Maddy, a chocolate milk shake connoisseur, has come to sample the
diner's "Best of Miami" shake (it registers only a so-so on the
Maddy Meter). She also tackles an enormous chili cheese dog. The
rest of us fall prey to steak, eggs, a hamburger, and the excellent
people-watching. As we stroll the couple of blocks home, the city's
throngs are just warming up fresh legs for a long
night out.
THE NEXT MORNING, we eschew our hotel's complimentary
continental breakfast, instead splurging at a personal favorite,
the News Cafe. The NC is chameleonlike, changing its personality
many times during its 24-hour cycle. At 9 a.m., it is in its
sun-kissed, laid-back mode; Bach drifts in the background as
patrons munch on eggs and smoked salmon or platters of fruit, Brie,
and Swiss.
Our waiter,
Michael, is one of many New York transplants, trading
14 years at a Big Apple institution, Elaine's, for this South Beach
standard a couple of years ago. "I love it out of the cold," he
says, beaming. He suggests we check out Española Way, a South
American-influenced block between Fifteenth and Sixteenth streets.
"Al Capone once owned the Clay Hotel there."

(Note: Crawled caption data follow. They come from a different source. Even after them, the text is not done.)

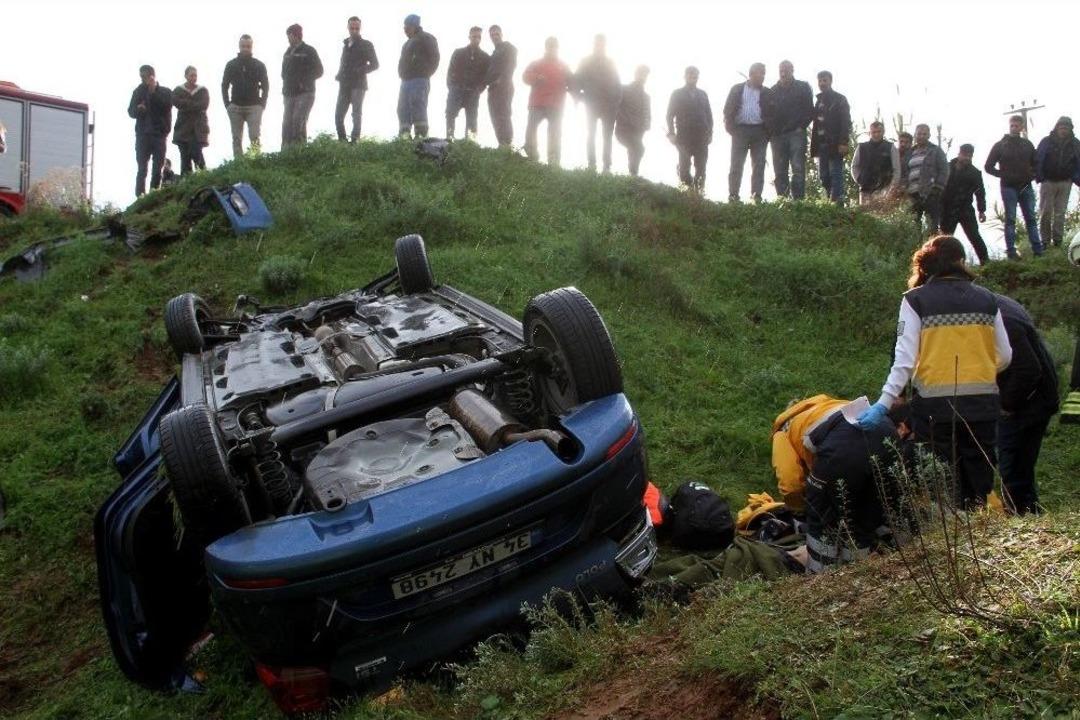 Otomobil Tarlaya U&ccedil;tu: 1 &Ouml;l&uuml;, 2 Yaralı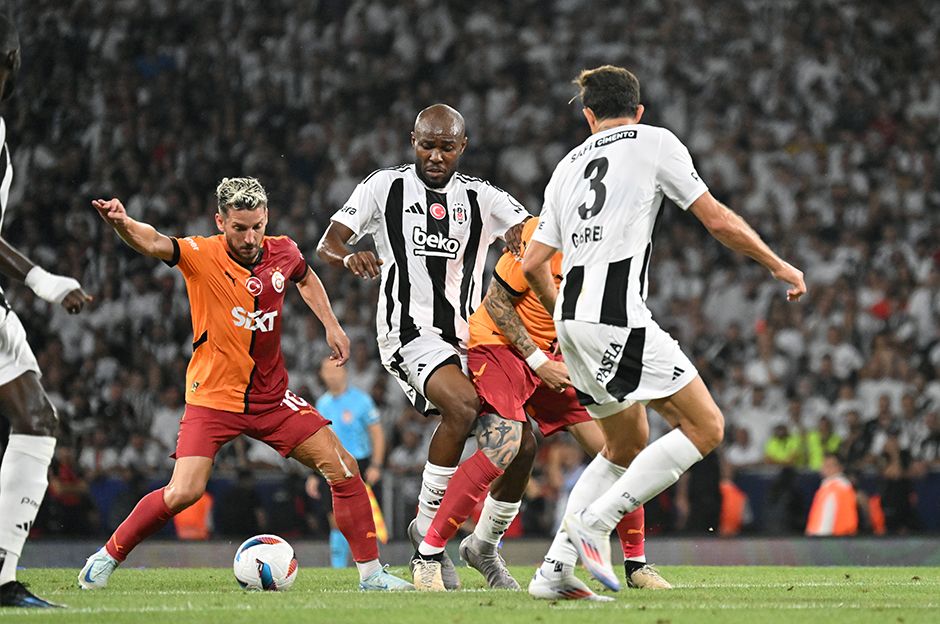“Bu ağır yenilgi tamamen Okan Buruk’a yazar! Berkan Kutlu fantezisi Galatasaray’ı yaktı: Maç sabaha kadar oynansa hiçbir şey değişmezdi” 7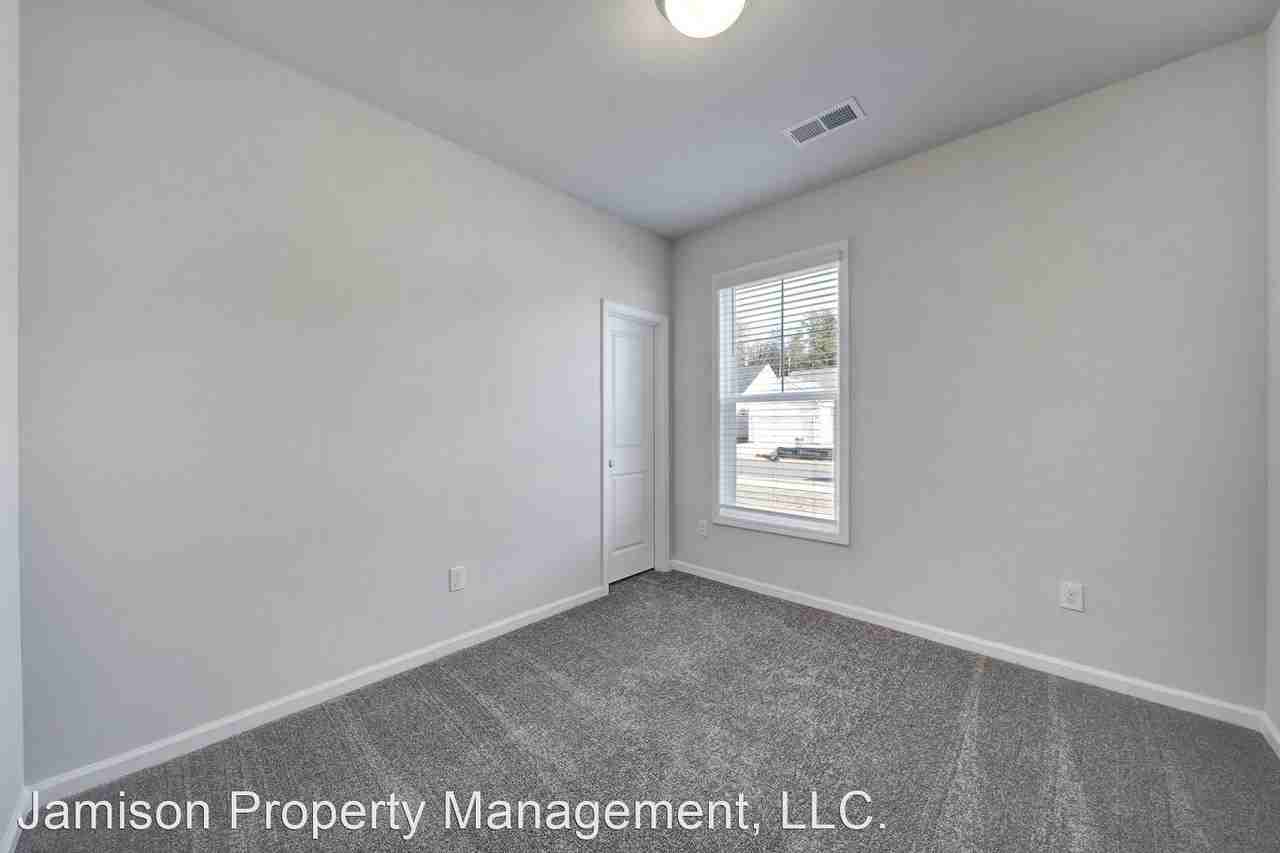 8213 Mccormick St - Photo 3 of 28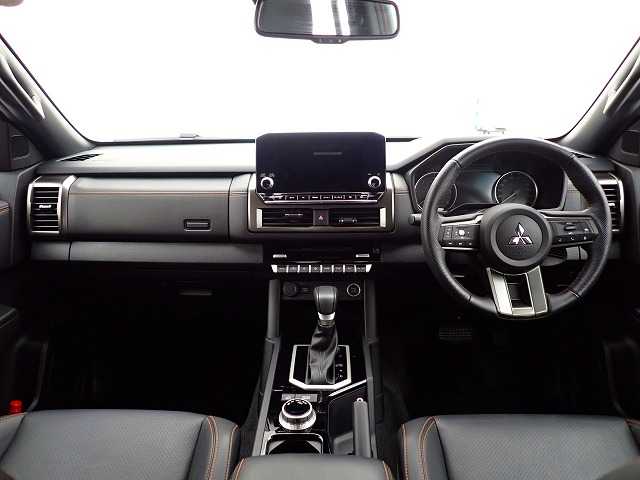 Mitsubishi Triton 2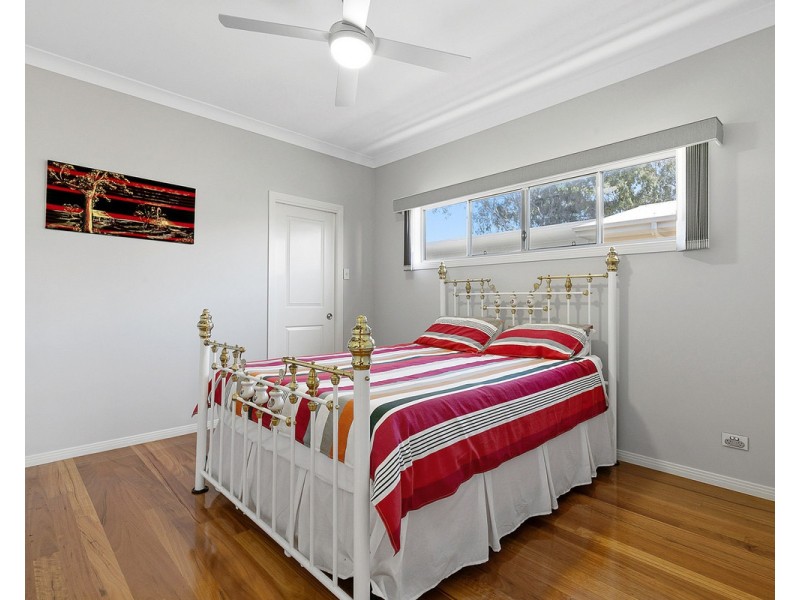 125 Mooroondu Road, Thorneside QLD 4158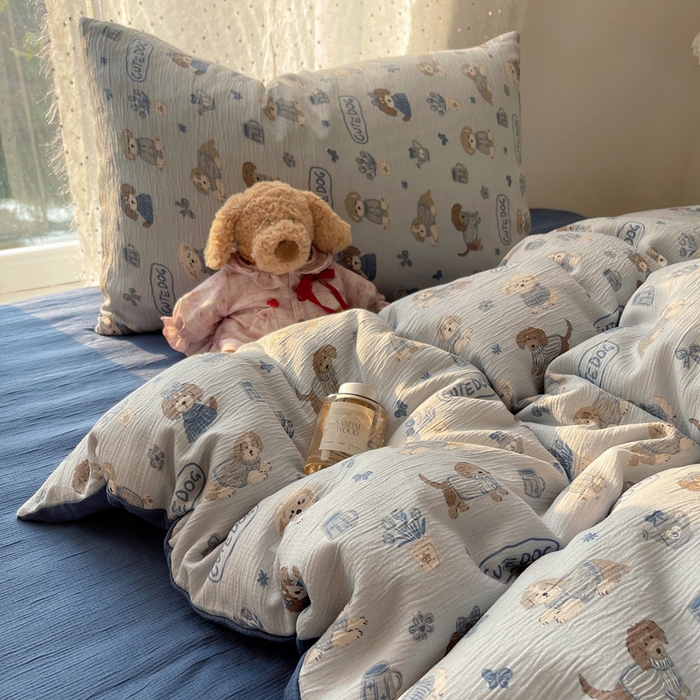 91家纺网 家纺一手货源 找家纺 贝扬思家纺 2025新款亲肤舒适甄选三层纱印花套件系列四件套 复古修狗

Even this early in the day, some of
Miami's sleek and fashionable
saunter before us along Ocean Drive, the city's silvery sand
beckoning on our left and its awakening art deco sidewalk cafés and
outrageous boutiques on our right.
We walk a few blocks to the Miami Beach Bicycle Center on Fifth
Street, where owner Jack Ruiz has been renting bikes for 29 years.
Once outfitted, we ease down
Washington to the tip of South Beach,
looping through South Pointe Park. As we pedal our mountain bikes
northward through the thick sand, the number of bodies strewn on
towels and under umbrellas increases.